_Exercise directions_.
Your answer must be the records below repeated word for word, with no pictures in it.

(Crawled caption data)
━━━━

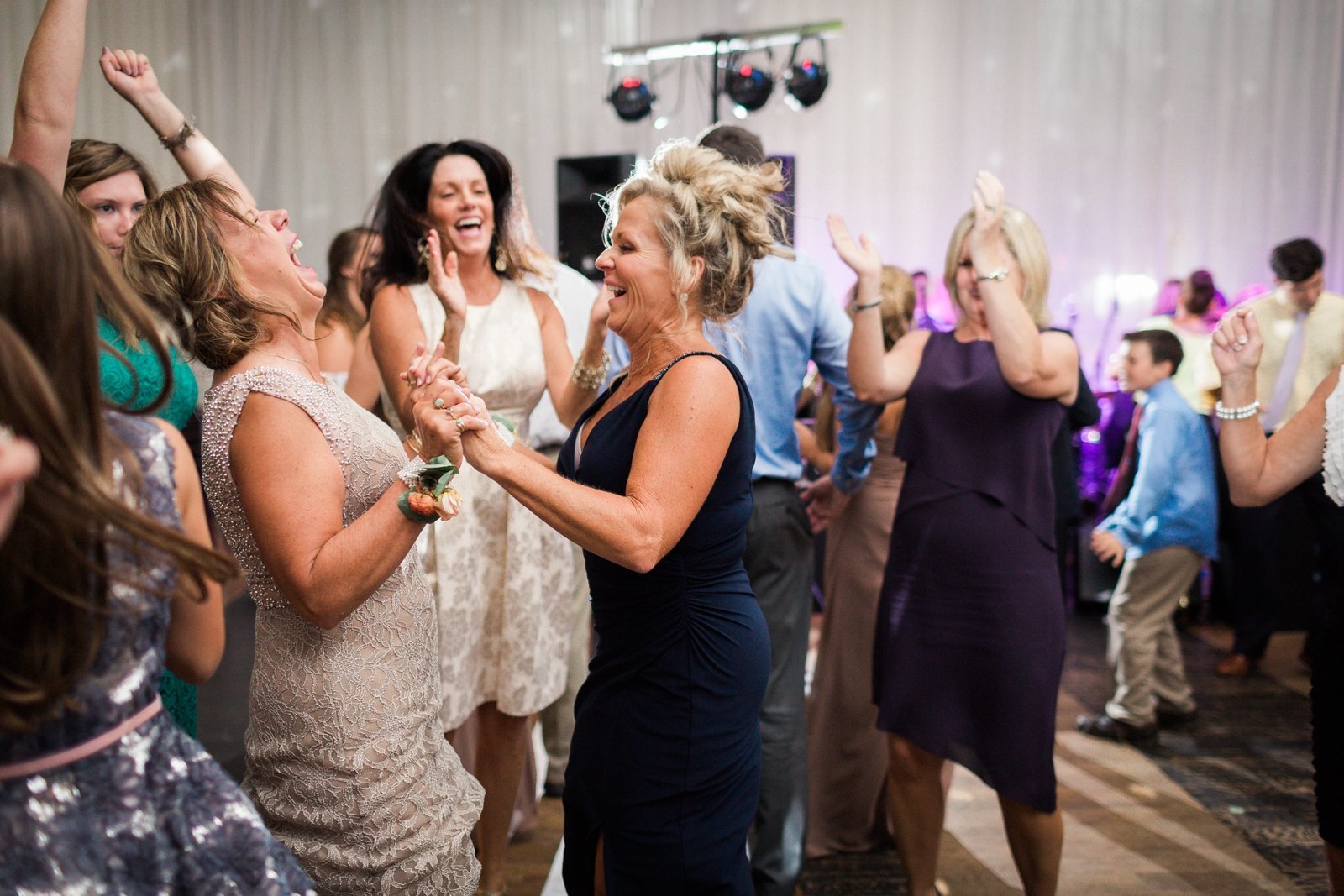 i-charlottesville-winery-wedding_1847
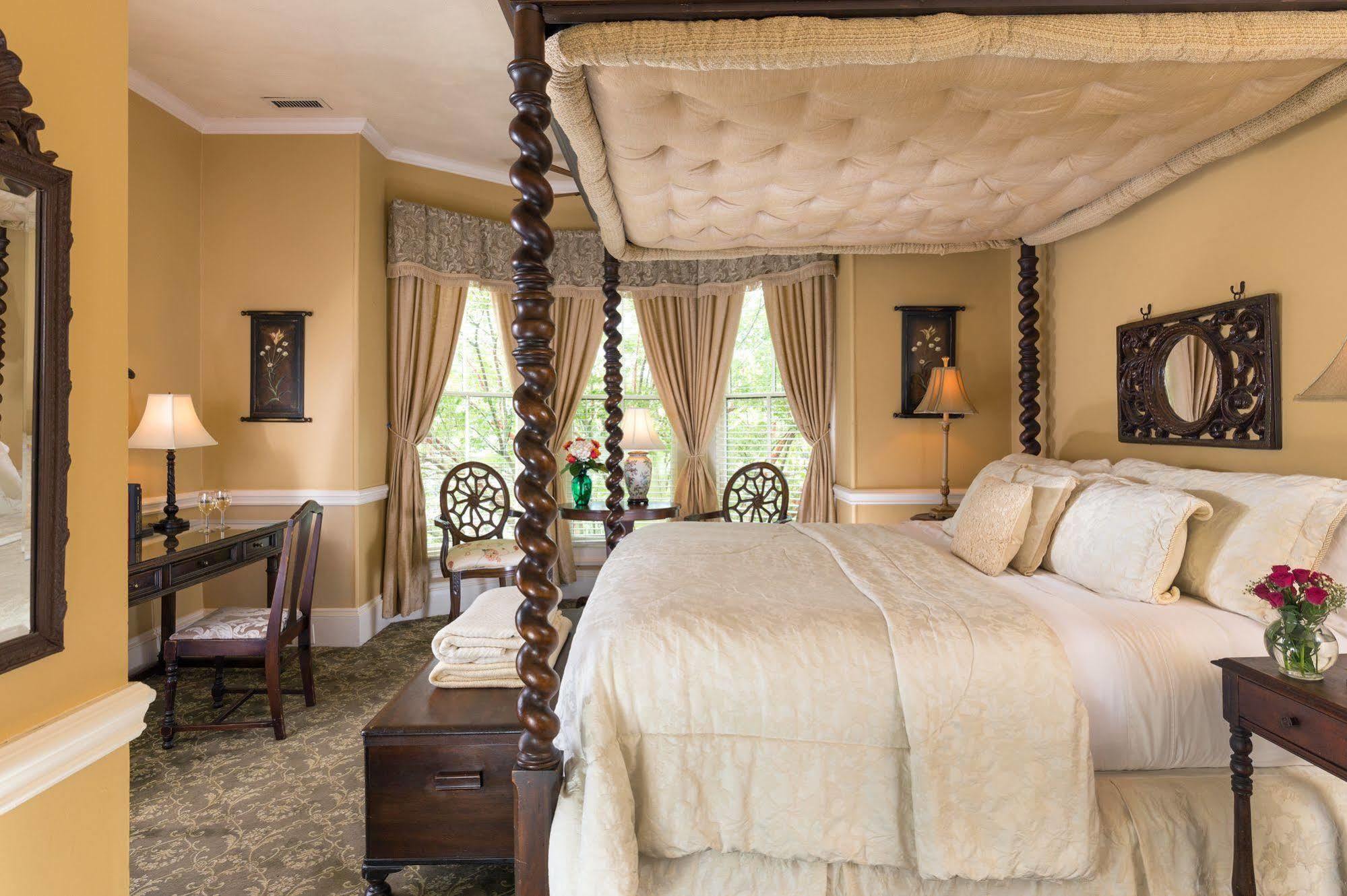 The Aerie Bed & Breakfast New Bern Bagian luar foto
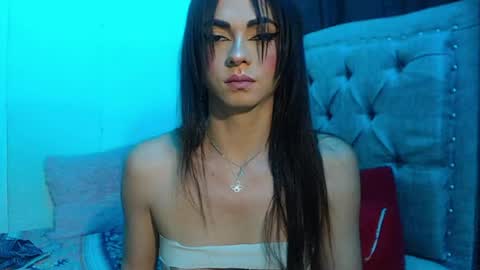 Snapshot of kamilathopsom chatting on 4, 6, 2026 CAMILA SANTAMARIA online show from 4, 6, 2026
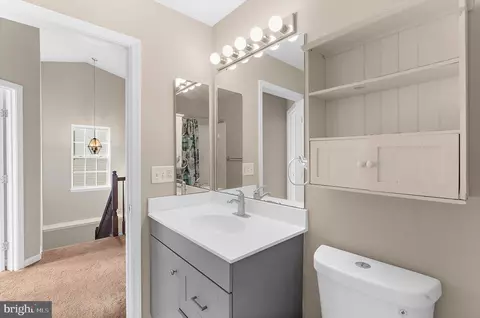 Entry Way - 2432 Knapps Way, Odenton, MD 21113 photo 2 of 4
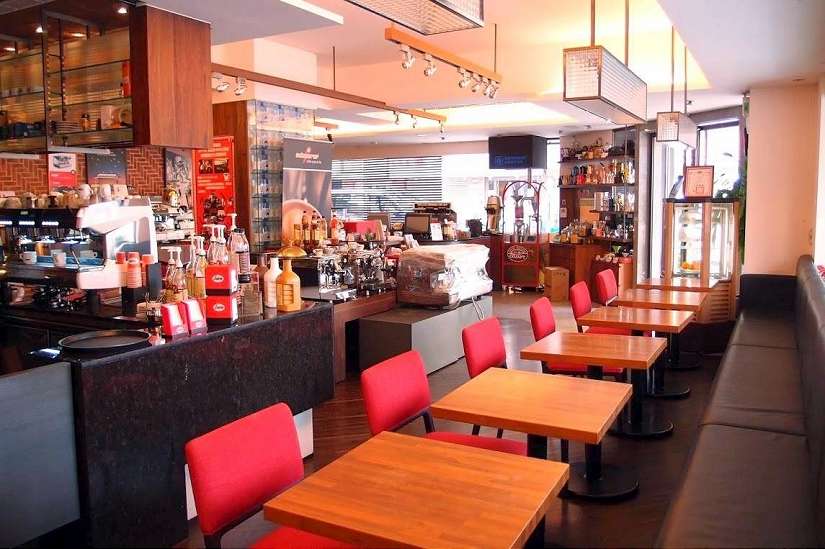 一起到萬華浪漫喝咖啡 熱鬧走春趣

━━━━

_Reply to the task_.
 i-charlottesville-winery-wedding_1847
 The Aerie Bed & Breakfast New Bern Bagian luar foto
 Snapshot of kamilathopsom chatting on 4, 6, 2026 CAMILA SANTAMARIA online show from 4, 6, 2026
 Entry Way - 2432 Knapps Way, Odenton, MD 21113 photo 2 of 4
 一起到萬華浪漫喝咖啡 熱鬧走春趣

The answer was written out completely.